_Exercise details_. Repeat exactly the line that contains "Picture of WA, BLUE" and every line after it, down to the last line of the entries below. Do not include pictures.

+++++

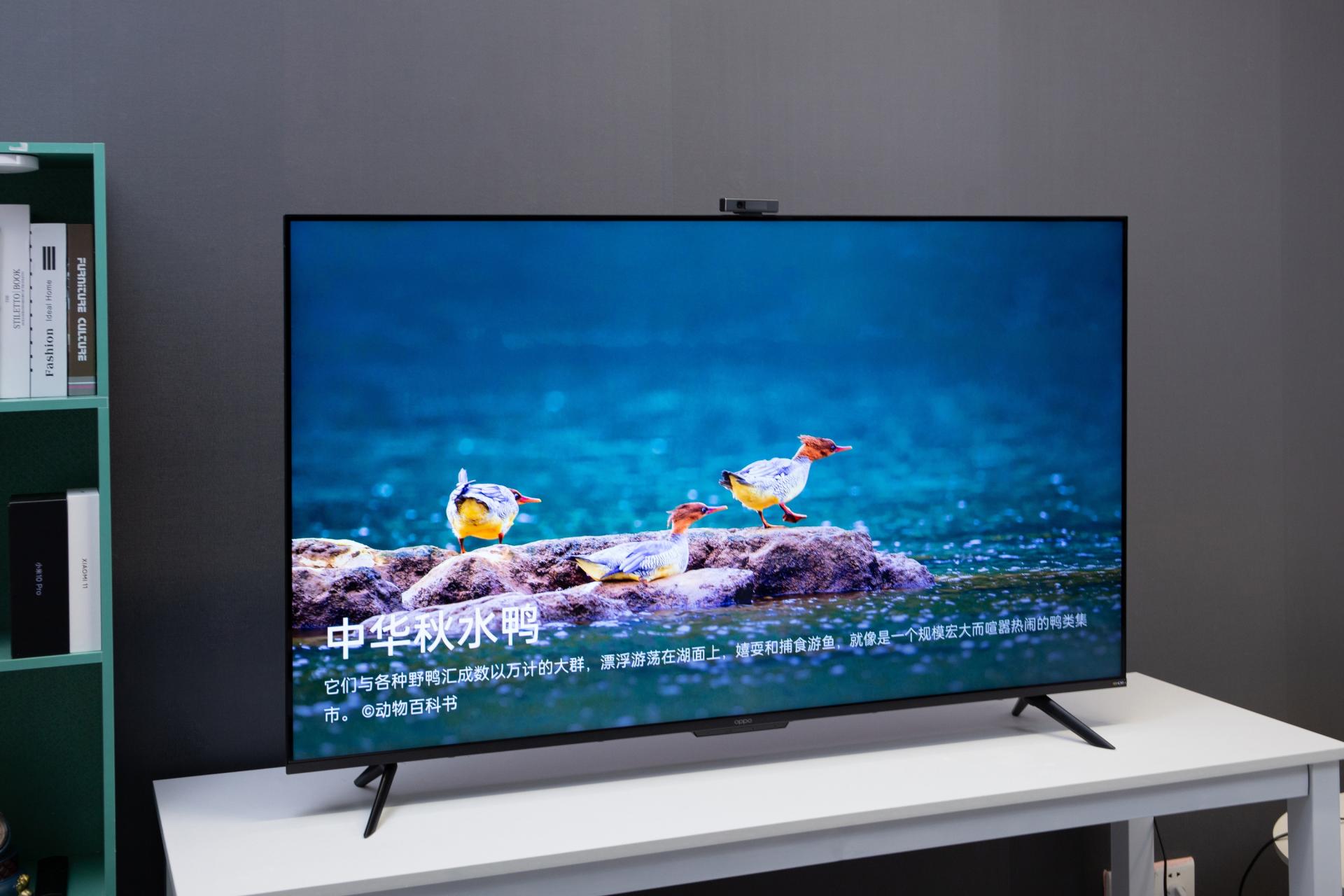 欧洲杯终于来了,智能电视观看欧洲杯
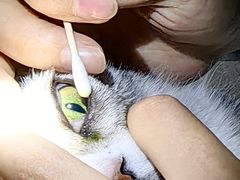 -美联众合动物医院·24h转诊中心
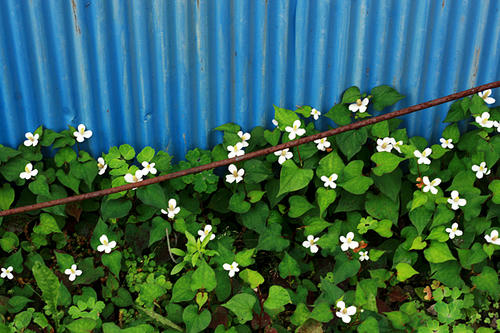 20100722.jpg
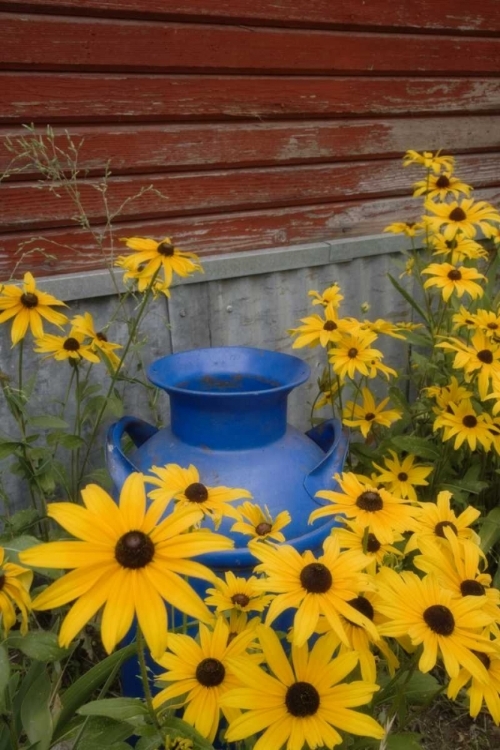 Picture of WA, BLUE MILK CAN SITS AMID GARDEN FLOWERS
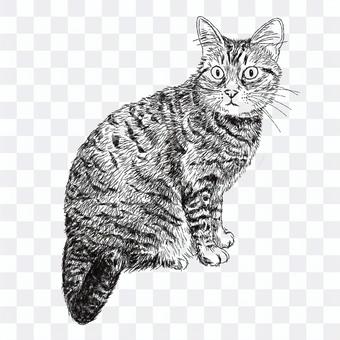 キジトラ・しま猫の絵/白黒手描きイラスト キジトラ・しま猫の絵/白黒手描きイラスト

+++++

_Answer to the exercise_.
 Picture of WA, BLUE MILK CAN SITS AMID GARDEN FLOWERS
 キジトラ・しま猫の絵/白黒手描きイラスト キジトラ・しま猫の絵/白黒手描きイラスト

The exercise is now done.